The expected response is the complete listing below, restated exactly, with its pictures omitted.

**Recorded data:**

━━━━━━━━━━━━━━━━━━━━━━━━━━━━━━

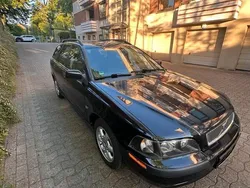 Schwarz Gebraucht 1998 Volvo V40 Kombi | 1.000 €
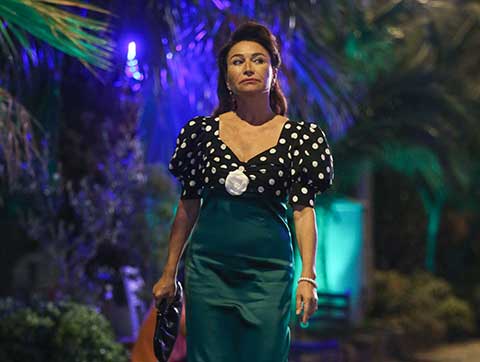 Demet Akbağ... GÜNDÜZLERİ KÖYLÜ BACI, GECELERİ SUZAN AVCI!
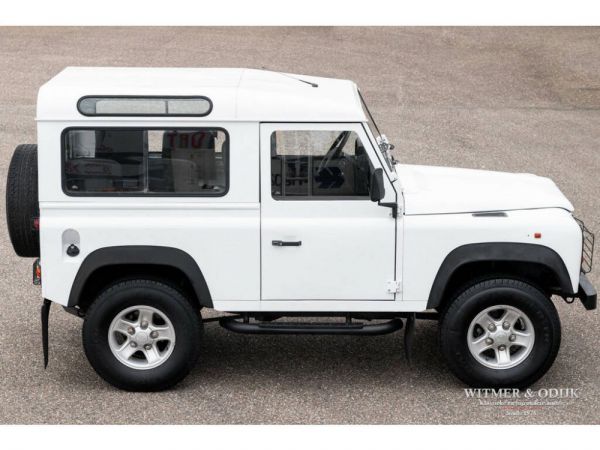 Land Rover Defender 90 1997 2783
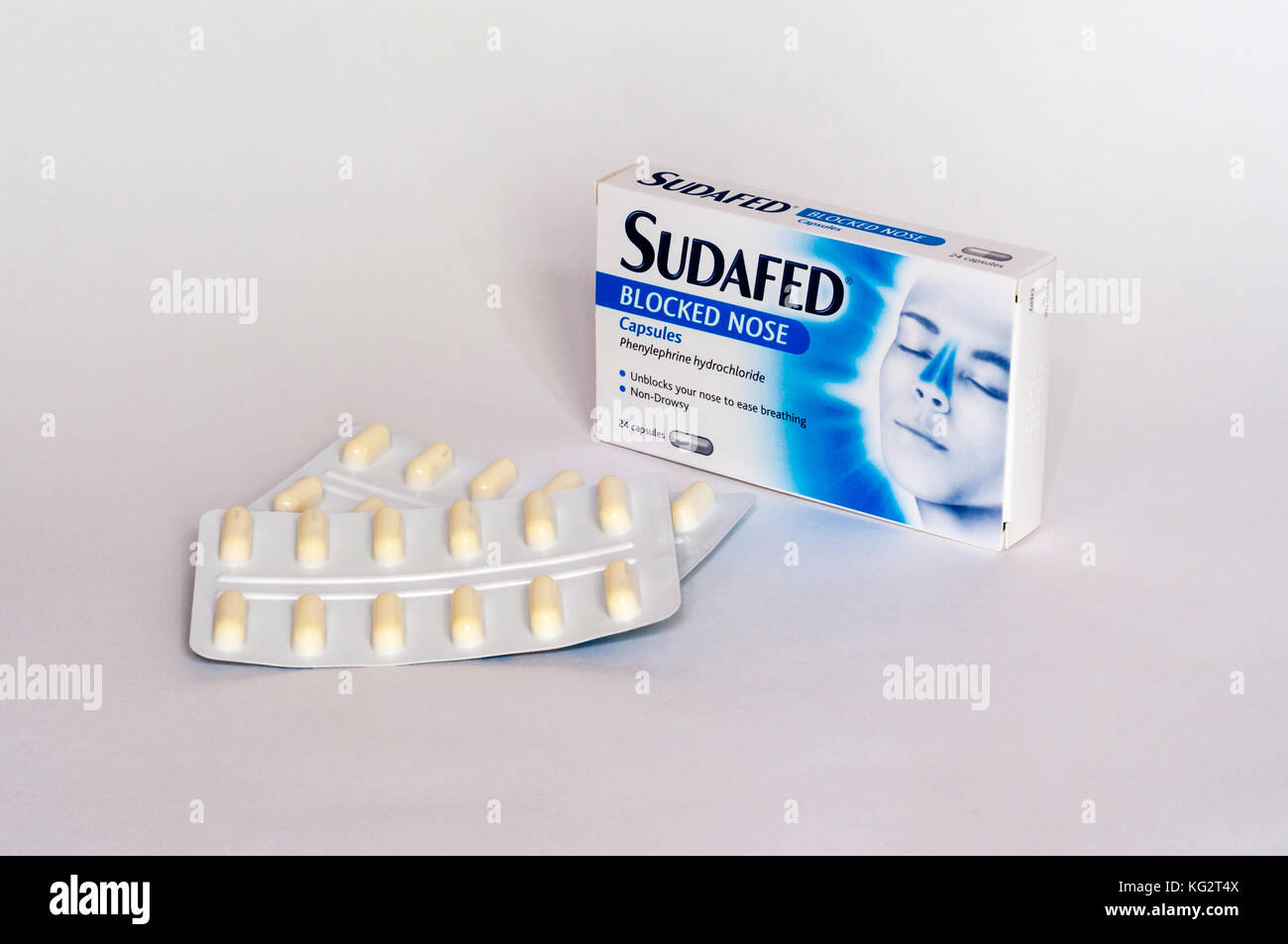 Le capsule di Sudafed sono un decongestionante usato per trattare i sintomi del raffreddore comune, della sinusite e della congestione nasale Foto Stock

━━━━━━━━━━━━━━━━━━━━━━━━━━━━━━

**Exercise solution:**
 Schwarz Gebraucht 1998 Volvo V40 Kombi | 1.000 €
 Demet Akbağ... GÜNDÜZLERİ KÖYLÜ BACI, GECELERİ SUZAN AVCI!
 Land Rover Defender 90 1997 2783
 Le capsule di Sudafed sono un decongestionante usato per trattare i sintomi del raffreddore comune, della sinusite e della congestione nasale Foto Stock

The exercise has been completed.